Record excerpts:
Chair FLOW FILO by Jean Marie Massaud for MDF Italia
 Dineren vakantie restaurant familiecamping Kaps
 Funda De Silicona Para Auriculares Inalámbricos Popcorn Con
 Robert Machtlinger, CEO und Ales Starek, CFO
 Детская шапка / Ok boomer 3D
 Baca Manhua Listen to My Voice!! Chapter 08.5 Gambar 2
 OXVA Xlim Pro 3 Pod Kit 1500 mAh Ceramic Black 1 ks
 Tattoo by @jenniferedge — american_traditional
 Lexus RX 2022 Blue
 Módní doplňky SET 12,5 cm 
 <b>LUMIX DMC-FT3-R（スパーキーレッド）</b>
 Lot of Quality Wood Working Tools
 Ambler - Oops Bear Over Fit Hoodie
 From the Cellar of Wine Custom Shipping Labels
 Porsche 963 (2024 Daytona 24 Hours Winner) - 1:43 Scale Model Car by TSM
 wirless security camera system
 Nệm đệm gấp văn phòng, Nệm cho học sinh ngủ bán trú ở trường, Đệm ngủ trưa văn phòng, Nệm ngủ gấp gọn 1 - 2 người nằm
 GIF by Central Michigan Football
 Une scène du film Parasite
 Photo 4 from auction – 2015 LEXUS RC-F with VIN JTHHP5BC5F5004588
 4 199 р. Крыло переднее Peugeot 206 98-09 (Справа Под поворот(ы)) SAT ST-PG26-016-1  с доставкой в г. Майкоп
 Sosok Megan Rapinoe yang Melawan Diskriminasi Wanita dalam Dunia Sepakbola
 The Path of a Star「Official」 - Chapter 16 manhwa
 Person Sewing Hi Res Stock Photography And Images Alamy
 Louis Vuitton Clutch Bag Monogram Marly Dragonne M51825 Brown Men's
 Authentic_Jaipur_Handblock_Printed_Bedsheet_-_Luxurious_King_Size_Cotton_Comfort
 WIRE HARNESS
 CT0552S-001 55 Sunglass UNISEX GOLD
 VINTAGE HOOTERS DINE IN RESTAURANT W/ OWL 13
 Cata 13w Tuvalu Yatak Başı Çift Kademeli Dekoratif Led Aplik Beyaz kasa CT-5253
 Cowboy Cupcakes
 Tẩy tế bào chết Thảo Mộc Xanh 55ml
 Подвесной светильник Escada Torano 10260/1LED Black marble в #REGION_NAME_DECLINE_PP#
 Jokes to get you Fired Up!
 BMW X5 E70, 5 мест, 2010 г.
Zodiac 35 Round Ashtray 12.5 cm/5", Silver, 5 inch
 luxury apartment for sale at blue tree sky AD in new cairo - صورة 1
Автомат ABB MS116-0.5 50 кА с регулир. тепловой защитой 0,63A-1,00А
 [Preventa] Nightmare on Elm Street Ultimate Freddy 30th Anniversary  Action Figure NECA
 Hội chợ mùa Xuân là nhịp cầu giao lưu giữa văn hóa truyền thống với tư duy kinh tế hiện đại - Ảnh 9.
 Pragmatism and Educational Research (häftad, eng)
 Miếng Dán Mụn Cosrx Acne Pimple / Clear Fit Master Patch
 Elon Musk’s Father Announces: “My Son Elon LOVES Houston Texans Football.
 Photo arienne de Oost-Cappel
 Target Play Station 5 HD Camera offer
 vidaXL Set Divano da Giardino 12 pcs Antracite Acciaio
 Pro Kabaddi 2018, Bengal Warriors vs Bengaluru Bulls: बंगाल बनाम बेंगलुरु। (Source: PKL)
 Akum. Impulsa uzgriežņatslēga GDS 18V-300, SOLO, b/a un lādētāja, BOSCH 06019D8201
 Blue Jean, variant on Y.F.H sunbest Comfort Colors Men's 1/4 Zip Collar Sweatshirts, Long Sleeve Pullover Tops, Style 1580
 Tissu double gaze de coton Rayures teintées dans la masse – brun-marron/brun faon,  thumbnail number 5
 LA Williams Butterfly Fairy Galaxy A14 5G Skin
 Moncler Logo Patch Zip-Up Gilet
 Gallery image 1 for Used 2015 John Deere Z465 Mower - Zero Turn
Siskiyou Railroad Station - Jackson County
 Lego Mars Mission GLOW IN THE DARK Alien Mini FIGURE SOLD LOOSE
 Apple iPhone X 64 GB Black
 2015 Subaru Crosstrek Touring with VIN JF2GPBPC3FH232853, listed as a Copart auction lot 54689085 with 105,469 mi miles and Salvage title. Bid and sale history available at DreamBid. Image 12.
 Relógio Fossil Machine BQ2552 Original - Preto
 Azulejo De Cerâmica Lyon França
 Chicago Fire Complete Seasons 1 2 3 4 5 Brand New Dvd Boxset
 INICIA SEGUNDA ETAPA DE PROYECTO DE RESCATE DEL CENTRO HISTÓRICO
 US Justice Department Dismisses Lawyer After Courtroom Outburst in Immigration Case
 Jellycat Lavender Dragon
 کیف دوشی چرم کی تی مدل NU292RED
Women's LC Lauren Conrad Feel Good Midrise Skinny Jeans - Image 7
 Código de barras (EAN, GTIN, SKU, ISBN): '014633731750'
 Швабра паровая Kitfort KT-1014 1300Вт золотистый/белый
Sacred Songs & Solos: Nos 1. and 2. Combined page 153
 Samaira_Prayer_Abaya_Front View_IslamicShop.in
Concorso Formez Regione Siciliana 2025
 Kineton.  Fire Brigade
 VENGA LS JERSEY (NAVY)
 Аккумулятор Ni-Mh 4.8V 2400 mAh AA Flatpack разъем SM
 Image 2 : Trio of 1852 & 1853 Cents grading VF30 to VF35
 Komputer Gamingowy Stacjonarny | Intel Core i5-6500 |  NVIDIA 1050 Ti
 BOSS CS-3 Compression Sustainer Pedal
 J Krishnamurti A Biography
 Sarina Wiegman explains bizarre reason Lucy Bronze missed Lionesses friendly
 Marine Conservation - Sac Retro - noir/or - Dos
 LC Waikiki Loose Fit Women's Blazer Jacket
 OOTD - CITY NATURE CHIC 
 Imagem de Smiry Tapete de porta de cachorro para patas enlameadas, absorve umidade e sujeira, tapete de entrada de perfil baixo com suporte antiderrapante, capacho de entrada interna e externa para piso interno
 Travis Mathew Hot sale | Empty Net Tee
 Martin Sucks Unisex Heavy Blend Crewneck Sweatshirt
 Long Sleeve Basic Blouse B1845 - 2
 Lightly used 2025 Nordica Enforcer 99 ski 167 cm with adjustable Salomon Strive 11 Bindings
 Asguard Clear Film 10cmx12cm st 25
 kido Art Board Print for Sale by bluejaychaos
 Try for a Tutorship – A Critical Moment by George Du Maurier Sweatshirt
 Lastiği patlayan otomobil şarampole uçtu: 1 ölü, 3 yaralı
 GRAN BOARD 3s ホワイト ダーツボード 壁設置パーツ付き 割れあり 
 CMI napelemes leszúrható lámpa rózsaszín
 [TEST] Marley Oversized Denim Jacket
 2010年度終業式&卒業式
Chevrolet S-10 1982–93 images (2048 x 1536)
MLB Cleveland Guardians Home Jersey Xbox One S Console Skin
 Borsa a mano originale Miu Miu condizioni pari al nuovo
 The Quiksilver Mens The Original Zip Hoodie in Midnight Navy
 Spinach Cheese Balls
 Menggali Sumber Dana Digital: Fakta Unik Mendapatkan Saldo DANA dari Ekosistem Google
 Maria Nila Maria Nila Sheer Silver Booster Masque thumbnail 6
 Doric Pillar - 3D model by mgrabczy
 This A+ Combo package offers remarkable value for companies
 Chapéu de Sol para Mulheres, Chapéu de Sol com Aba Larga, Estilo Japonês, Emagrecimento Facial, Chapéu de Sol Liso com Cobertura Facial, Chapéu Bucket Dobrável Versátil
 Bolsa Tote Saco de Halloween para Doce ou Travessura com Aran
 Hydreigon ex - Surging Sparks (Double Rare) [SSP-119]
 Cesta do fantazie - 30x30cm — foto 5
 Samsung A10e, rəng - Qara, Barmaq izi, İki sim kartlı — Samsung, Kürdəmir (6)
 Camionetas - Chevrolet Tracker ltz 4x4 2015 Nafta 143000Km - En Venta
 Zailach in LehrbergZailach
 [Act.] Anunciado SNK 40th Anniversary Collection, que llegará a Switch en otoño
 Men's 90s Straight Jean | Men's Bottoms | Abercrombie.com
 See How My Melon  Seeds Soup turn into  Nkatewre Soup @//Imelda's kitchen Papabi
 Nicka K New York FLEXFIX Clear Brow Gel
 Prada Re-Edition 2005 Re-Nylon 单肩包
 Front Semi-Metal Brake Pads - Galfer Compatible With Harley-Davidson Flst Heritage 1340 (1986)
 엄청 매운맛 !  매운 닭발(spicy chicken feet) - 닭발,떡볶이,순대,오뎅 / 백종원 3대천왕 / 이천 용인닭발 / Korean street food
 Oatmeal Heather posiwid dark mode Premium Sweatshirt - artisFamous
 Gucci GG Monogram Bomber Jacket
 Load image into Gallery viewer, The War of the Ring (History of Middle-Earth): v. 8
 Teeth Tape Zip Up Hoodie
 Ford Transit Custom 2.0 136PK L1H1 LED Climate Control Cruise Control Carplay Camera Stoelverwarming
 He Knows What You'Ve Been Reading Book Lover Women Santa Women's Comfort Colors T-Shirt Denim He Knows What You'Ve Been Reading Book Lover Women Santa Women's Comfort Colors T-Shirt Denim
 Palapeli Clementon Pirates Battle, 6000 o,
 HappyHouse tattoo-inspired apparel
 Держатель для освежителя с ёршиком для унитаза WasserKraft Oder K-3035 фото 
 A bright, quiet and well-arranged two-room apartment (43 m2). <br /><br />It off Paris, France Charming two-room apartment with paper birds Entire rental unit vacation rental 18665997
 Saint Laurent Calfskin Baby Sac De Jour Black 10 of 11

Exercise brief: Extract the lines of the preceding material that run from the line with "Подвесной светильник Escada" through the line with "Tissu double gaze", inclusive, reproducing them exactly and adding nothing.

Response to the exercise:
 Подвесной светильник Escada Torano 10260/1LED Black marble в #REGION_NAME_DECLINE_PP#
 Jokes to get you Fired Up!
 BMW X5 E70, 5 мест, 2010 г.
Zodiac 35 Round Ashtray 12.5 cm/5", Silver, 5 inch
 luxury apartment for sale at blue tree sky AD in new cairo - صورة 1
Автомат ABB MS116-0.5 50 кА с регулир. тепловой защитой 0,63A-1,00А
 [Preventa] Nightmare on Elm Street Ultimate Freddy 30th Anniversary  Action Figure NECA
 Hội chợ mùa Xuân là nhịp cầu giao lưu giữa văn hóa truyền thống với tư duy kinh tế hiện đại - Ảnh 9.
 Pragmatism and Educational Research (häftad, eng)
 Miếng Dán Mụn Cosrx Acne Pimple / Clear Fit Master Patch
 Elon Musk’s Father Announces: “My Son Elon LOVES Houston Texans Football.
 Photo arienne de Oost-Cappel
 Target Play Station 5 HD Camera offer
 vidaXL Set Divano da Giardino 12 pcs Antracite Acciaio
 Pro Kabaddi 2018, Bengal Warriors vs Bengaluru Bulls: बंगाल बनाम बेंगलुरु। (Source: PKL)
 Akum. Impulsa uzgriežņatslēga GDS 18V-300, SOLO, b/a un lādētāja, BOSCH 06019D8201
 Blue Jean, variant on Y.F.H sunbest Comfort Colors Men's 1/4 Zip Collar Sweatshirts, Long Sleeve Pullover Tops, Style 1580
 Tissu double gaze de coton Rayures teintées dans la masse – brun-marron/brun faon,  thumbnail number 5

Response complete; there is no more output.